A Aisha le cortó su marido la nariz

Tengo que vivir. Tengo que amar... No viviré horrorizada nunca más... Antes me aterraba ver mi rostro en el espejo. Ya no... Ya no...

-Lo que ocurrió es parte de mi vida. Forma parte ya de mí; está conmigo siempre, sí, en mi mente y conmigo, pero...

Es al final de esa frase cuando Aesha dice lo que dice. Ese quiero vivir, quiero amar.
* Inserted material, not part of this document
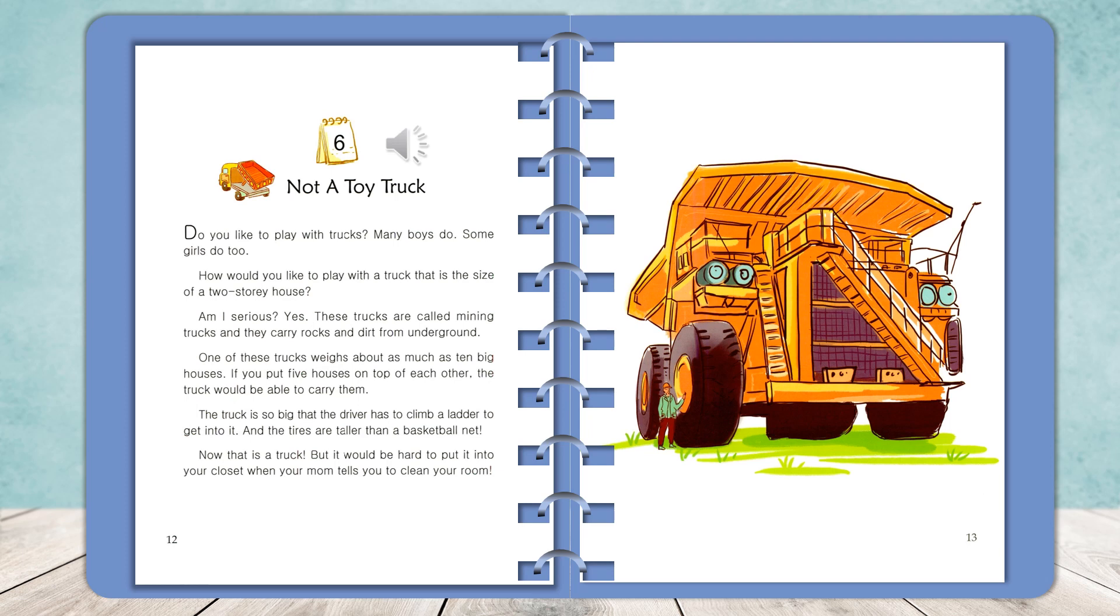The truck is so big that the driver has to climb a ladder to get into it, and the tires are taller than a basketball net. Now that is a truck.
Aunque en inglés lo diga como un propósito que le obliga: I have to (tengo que) live, and I have to love. Amar y vivir.

Han pasado cinco años y medio desde que el marido talibán con el que la obligaron a casarse le cortó la nariz y las orejas cuando intentaba huir, y Aesha, desde su refugio en Maryland (EEUU), empieza a hablar con esperanza.

-Aquí he encontrado el sentido de la vida. Allí no entendía para qué vivir.

Aisha Mohammadzai -de 21 o 22 años, nunca supo su fecha de nacimiento- ya ha recuperado la sonrisa y está apunto de recuperar también el bello rostro que le arrebataron. Dice que ya no tiene miedo, jura que no vivirá horrorizada y lo demuestra posando ante la cámara aunque no haya acabado la reconstrucción.

-No me importa. Todo el mundo tiene algún problema. Al principio me daba miedo mirarme en el espejo...

Hace seis meses que se puso en manos de los especialistas del Walter Reed National Military Medical Center de Bethesda (Maryland), quienes, a diferencia de los doctores de Nueva York que la atendieron antes, sí la creen psíquicamente preparada para someterse al proceso. En Nueva York eran frecuentes las arrancadas violentas de Aesha, quien incluso se autolesionó en lo que los médicos llamaron «ataques de imitación». La joven no terminó de aceptar tampoco la nariz estética que le fabricaron al llegar a EEUU.

Vencidos los fantasmas mentales, reconfortada por la pareja afgana que la ha acogido en Frederick (Maryland), está a punto de recomponer también ese perfil cortado en el espejo que cada día le recuerda lo que pasó. 

El lunes 17 le extrajeron cartílago de una costilla para construir con él una suerte de tabique nasal y dos aletas con los que apuntalarán la estructura de su nueva nariz, ahora compuesta con tejido extraído de su antebrazo. La protuberancia de la frente es una maniobra médica para estirarle la piel. Cuando dé de sí lo suficiente, los cirujanos vaciarán la silicona que le han ido inyectando y la estirarán hacia abajo hasta que cubra la nueva nariz. El próximo verano, Aesha tendrá una cara nueva. La belleza brotará definitivamente del horror.